By the same argument $m_{P}=\sqrt{\dfrac{\hbar c}{G}}$ should be equally important, no?
What am I missing?
From the perspective of particle physics, you are correct, the Planck length and Planck mass are essentially equivalent concepts: the Planck mass describes a (very high) energy scale ($\sim 10^{19}$ GeV) at which new physics must emerge, just as the Planck length entails a (very short) length scale beyond which we need a new description. If we set $\hbar=c=1$ (which are really just conversion factors between units) we see that they are inverses of each other, $m_P=1/l_P$.
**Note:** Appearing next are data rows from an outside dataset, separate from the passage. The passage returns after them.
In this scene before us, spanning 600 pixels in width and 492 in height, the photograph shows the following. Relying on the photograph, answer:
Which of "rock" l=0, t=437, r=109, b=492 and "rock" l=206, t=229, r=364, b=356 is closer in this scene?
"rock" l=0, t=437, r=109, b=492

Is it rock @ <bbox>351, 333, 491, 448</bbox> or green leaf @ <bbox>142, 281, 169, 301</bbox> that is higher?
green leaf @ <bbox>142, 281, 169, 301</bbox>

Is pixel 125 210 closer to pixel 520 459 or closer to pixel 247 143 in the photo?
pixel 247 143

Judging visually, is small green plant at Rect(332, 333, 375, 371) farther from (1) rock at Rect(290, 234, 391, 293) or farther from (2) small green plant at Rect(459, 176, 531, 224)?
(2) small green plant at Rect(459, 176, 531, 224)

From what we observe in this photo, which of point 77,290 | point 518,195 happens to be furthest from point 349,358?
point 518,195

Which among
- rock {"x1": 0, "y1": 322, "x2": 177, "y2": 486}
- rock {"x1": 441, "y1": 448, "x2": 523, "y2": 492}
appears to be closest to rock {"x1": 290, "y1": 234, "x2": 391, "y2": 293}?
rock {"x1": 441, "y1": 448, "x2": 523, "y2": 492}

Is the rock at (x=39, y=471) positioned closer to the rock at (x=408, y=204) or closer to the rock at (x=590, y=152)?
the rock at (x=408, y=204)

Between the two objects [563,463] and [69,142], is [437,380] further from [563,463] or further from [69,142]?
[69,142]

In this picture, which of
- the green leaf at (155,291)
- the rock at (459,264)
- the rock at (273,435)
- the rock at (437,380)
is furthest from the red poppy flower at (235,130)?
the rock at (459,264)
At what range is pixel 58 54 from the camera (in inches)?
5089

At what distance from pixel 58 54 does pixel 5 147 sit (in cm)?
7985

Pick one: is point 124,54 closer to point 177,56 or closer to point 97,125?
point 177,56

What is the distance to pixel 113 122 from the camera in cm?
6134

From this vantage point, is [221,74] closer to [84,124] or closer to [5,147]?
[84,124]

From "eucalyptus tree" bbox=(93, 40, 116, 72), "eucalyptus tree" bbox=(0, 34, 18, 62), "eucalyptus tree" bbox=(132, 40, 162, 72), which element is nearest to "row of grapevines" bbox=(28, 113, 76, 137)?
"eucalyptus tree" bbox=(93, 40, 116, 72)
More precisely, if we take the Einstein-Hilbert action for gravity and expand around a flat metric $g_{\mu\nu} = \eta_{\mu\nu} + h_{\mu\nu}$, where we can interpret $h_{\mu\nu}$ as the graviton field, the resulting action will have an infinite number of higher order terms suppressed by powers of the Planck mass. Roughly, we have $$\mathcal{L}_{EH} \sim \frac{1}{2} \partial h\partial h+ \frac{1}{m_P} h\partial h \partial h + \frac{1}{m_P^2} h^2\partial h \partial h + \ldots $$ (as well as terms from higher derivative corrections, which are also higher order in $1/m_P$). So we have predictive control at energies scales much less than $m_P$, where the infinite number of higher order terms can be ignored. But once we reach the Planck scale (i.e. energy scales of $m_P$ or length scales of $l_P$) the non-renormalizable effects become important and all the quantum corrections and higher order terms render the above Lagrangian equation useless, and we require a new description.
The Planck mass makes the units work out "nicely" in a lot of equations, sort of like radians are a very "natural" unit of angle measure, or $e \approx 2.71828...$ is a very "natural" base for exponential functions and logarithms.
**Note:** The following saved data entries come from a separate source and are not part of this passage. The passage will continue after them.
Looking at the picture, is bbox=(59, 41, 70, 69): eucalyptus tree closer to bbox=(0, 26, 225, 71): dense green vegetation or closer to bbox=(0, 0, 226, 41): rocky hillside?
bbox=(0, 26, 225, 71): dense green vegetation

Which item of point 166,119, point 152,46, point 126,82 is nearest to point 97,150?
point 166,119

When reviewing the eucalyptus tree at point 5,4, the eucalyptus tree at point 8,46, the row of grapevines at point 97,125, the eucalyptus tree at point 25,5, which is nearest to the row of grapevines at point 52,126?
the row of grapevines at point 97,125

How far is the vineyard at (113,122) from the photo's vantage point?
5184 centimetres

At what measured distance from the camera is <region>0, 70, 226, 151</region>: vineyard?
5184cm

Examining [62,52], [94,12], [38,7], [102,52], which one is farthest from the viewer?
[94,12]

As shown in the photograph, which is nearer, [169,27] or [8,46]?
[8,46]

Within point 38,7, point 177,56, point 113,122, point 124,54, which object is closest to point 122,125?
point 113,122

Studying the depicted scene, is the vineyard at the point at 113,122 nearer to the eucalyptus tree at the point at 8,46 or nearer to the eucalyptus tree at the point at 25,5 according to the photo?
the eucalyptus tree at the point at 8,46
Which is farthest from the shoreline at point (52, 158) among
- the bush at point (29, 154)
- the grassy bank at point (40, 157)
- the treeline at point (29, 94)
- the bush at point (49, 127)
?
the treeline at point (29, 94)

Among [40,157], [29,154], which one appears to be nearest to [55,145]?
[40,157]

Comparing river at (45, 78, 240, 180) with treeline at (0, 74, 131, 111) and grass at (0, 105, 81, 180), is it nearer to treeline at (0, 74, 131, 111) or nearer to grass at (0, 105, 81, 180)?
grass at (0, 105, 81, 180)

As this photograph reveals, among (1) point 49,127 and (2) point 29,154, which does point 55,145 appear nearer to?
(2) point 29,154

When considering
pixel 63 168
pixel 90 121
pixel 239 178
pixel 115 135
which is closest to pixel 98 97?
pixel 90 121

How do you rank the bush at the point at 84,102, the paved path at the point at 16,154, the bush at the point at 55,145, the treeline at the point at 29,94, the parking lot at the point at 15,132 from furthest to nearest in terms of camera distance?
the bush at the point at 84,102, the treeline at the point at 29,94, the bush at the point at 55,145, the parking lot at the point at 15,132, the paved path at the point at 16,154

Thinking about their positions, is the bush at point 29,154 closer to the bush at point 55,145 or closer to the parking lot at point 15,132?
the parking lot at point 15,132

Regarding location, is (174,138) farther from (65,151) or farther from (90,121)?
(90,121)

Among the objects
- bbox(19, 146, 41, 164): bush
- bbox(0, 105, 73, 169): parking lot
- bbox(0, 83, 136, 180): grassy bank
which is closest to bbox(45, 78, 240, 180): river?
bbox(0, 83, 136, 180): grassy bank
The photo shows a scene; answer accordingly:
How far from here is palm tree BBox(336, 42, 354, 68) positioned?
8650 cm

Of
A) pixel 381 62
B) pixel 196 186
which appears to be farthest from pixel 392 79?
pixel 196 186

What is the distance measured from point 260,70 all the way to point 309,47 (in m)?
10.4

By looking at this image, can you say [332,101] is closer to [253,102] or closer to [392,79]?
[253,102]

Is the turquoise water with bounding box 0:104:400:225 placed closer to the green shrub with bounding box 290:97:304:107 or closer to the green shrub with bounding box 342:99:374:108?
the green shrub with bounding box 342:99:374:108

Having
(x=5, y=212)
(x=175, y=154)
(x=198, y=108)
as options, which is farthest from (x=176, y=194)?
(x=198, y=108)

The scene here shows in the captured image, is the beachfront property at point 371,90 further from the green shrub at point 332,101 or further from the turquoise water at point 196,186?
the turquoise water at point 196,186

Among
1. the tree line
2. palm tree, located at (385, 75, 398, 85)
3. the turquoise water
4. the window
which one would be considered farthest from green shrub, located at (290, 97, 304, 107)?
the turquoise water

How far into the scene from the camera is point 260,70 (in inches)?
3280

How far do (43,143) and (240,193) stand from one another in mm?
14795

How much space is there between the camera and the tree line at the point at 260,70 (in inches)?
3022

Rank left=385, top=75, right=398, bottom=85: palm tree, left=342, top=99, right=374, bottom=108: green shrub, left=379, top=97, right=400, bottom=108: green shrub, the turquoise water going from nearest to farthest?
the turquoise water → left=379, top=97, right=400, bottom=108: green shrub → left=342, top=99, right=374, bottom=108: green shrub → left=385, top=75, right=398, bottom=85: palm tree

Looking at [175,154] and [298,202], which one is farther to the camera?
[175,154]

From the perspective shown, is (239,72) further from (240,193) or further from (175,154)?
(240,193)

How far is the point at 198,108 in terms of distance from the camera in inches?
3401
But size-wise, the Planck mass isn't anything special. Wikipedia says a flea egg weighs about one Planck mass; so, it is possible to have masses much smaller than the Planck mass.
Mass isn't "quantized" in the sense that every object has mass an integer multiple of the Planck mass, the way electric charge is "quantized" in the sense that every object has electric charge an integer multiple of the charge on an electron (or, if you prefer, the charge on a quark).
You haven't understood the concepts here quite right I think. It is not that ordinary physics cannot describe things happening over small distances (Planck length for example), it is rather a question of interaction energies between point-like entities such as quarks and electrons. Even Newtonian physics can describe an ordinary ball moving through a distance of one Planck length. But if a process is characterised in its dynamics by very short distances, then quantum theory will be needed.
The Planck mass is important in that if the collision energy between point-like particles is of order one Planck mass multiplied by $c^2$, then we need a quantum gravity type of theory to describe the process.